The zero temperature limit of the free energy loses one level of replica
symmetry breaking. Physically, this is a result of the fact that in $k$-RSB,
$q_k$ gives the overlap within a state, e.g., within the basin of a well inside
the energy landscape. At zero temperature, the measure is completely localized
on the bottom of the well, and therefore the overlap with each state becomes
one. We will see that the complexity of low-energy stationary points in
Kac--Rice computation is also given by a $(k-1)$-RSB anstaz. Heuristically, this is because
each stationary point also has no width and therefore overlap one with itself.
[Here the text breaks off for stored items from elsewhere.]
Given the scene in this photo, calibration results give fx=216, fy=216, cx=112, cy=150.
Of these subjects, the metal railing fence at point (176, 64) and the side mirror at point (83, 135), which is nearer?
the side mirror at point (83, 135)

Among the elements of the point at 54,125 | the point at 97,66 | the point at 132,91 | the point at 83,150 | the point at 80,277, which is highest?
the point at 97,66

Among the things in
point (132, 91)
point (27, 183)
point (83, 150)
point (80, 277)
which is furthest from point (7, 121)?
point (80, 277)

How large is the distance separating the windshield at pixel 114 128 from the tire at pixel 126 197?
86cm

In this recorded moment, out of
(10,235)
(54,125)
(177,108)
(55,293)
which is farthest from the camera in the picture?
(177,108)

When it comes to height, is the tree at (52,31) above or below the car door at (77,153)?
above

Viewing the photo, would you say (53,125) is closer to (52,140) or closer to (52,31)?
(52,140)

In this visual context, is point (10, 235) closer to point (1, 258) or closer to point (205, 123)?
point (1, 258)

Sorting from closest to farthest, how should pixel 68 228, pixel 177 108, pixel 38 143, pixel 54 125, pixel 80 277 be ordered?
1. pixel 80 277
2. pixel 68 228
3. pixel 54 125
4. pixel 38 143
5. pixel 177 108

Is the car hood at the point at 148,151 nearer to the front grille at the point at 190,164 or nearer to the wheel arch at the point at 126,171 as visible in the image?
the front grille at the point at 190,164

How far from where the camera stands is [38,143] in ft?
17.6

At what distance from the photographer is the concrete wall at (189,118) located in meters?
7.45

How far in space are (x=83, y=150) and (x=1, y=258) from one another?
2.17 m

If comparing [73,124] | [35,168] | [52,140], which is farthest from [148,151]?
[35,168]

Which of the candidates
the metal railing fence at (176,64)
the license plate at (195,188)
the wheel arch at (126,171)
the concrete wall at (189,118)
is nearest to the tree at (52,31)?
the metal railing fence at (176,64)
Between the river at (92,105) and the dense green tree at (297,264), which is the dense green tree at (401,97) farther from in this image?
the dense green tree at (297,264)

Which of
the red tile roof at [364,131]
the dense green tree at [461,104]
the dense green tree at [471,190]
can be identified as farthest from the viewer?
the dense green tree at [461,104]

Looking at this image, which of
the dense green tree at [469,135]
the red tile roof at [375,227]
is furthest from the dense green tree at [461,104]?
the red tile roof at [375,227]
\section{Kac--Rice calculation}

\cite{Auffinger_2012_Random, BenArous_2019_Geometry}

The stationary points of a function can be counted using the Kac--Rice formula,
which integrates a over the function's domain a $\delta$-function containing
the gradient multiplied by the absolute value of the determinant
\cite{Rice_1939_The, Kac_1943_On}. In addition, we insert a $\delta$-function
fixing the energy density $E$, giving the number of stationary points at
energy $E$ in terms of a Lagrange multiplier $\mu$ as:
\begin{equation}
  \mathcal N(E, {\cal I}_o)
  =\int ds d\mu\,\delta(NE-H(s))\delta(\partial H(s)+\mu s)|\det(\partial\partial H(s)+\mu I)| \Theta\left[{\cal I}(s,\mu)-{\cal I}_o)\right]
\end{equation}
where $\Theta$ is one in the region in which the Hessian the argument is vanishes, and zero elsewhere. 
This number will typically be exponential in $N$. In order to find typical
counts when disorder is averaged, we will want to average its logarithm
instead, which is known as the averaged complexity:
\begin{equation}
  \Sigma(E,\mu)=\lim_{N\to\infty}\frac1N\overline{\log\mathcal N(E, {\cal I}_o)}
\end{equation}
If one averages over $\mathcal N$ and afterward takes its logarithm, one arrives at the so-called {\em annealed} complexity
\begin{equation}
  \Sigma_\mathrm a(E,{\cal I}_o)
  =\lim_{N\to\infty}\frac1N\log\overline{\mathcal N(E,{\cal I}_o))}
\end{equation}
This has been previously computed for the mixed $p$-spin models \cite{BenArous_2019_Geometry}, with the result
%\begin{equation}
 % \begin{aligned}
    %\Sigma_\mathrm a(E,\mu)
    %=-\frac{E^2(f'(1)+f''(1))+2E\mu f'(1)+f(1)\mu^2}{2f(1)(f'(1)+f''(1))-2f'(1)^2}-\frac12\log f'(1)\\
   % +\operatorname{Re}\left[\frac\mu{\mu+\sqrt{\mu^2-4f''(1)}}
   %   -\log\left(\frac1{2f''(1)}\left(\mu-\sqrt{\mu^2-4f''(1)}\right)\right)
  %  \right]
 % \end{aligned}
%\end{equation}
The annealed complexity is known to equal the actual (quenched) complexity in
circumstances where there is at most one level of RSB. This is the case for the
pure $p$-spin models, or for mixed models where $1/\sqrt{f''(q)}$ is a convex
function. However, it fails dramatically for models with higher replica
symmetry breaking. For instance, when $f(q)=\frac12(q^2+\frac1{16}q^4)$, the
anneal complexity predicts that minima vanish well before the dominant saddles,
a contradiction for any bounded function, as seen in Fig.~\ref{fig:frsb.complexity}.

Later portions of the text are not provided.